Notice of Variation to Water Supply Terms

Variation to Terms and Provisions for Supply of Water by Opuha Water Limited to Shareholders (Water Supply Terms)

Dear Shareholders

The Management and Board of Opuha Water Limited (OWL) have undertaken a review of the current Water Supply Terms. Following that review, OWL has decided to vary to Water Supply Terms in the form set out in the amended version attached to this notice (and uploaded to OWL’s website) (the Amended Water Supply Terms).

The amendment of the Water Supply Terms have been undertaken pursuant to clause 27 of the Water Supply Terms and OWL has uploaded the Amended Water Supply Terms to the website (link here: Water Supply Term 2025).

This document serves as a notice under clause 27.2 of the Water Supply Terms. The Amended Water Supply Terms will take effect on and from the date that is 20 working days from the date of this notice.

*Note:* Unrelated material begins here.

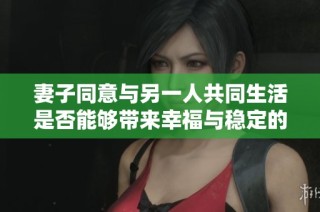 妻子同意与另一人共同生活是否能够带来幸福与稳定的关系探讨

The main changes to the Water Supply Terms can be summarised as follows:

  1. Water Charges by Direct Debit: Clause 12.6 allows OWL to charge a 5% fee on Charges that are not paid by way of direct debit.
  2. Term of the Agreement: It is a now a common feature of irrigation companies to require charges to continue until such time as the company’s debt obligations have been satisfied in full. This could apply in a scenario where the company is no longer able to supply water due to an expiry/non-renewal of resource consents or any other reason. Banks and other funds are now often requiring irrigation companies to have this obligation recorded expressly in water user agreements. 

In light of that context and to ensure OWL can meet its debt obligations into the future, clause 16.2 has been amended to extend the term of the Water Supply Terms. This would allow OWL to continue to collect charges from shareholders to satisfy debt repayments including (but not limited to) in situations where OWL cannot permanently supply water and/or expiry of OWL’s resource consents. This may apply to the OWL as a whole or in respect of certain scheme areas. It is important to note that clause 16.2 requires OWL to act reasonably and the Board will consider the impact of the Charges arising under clause 16.2 on the Shareholder and whether any such Charges reflect a repayment arrangement to the bank that it outside the ordinary amortisation or repayment basis.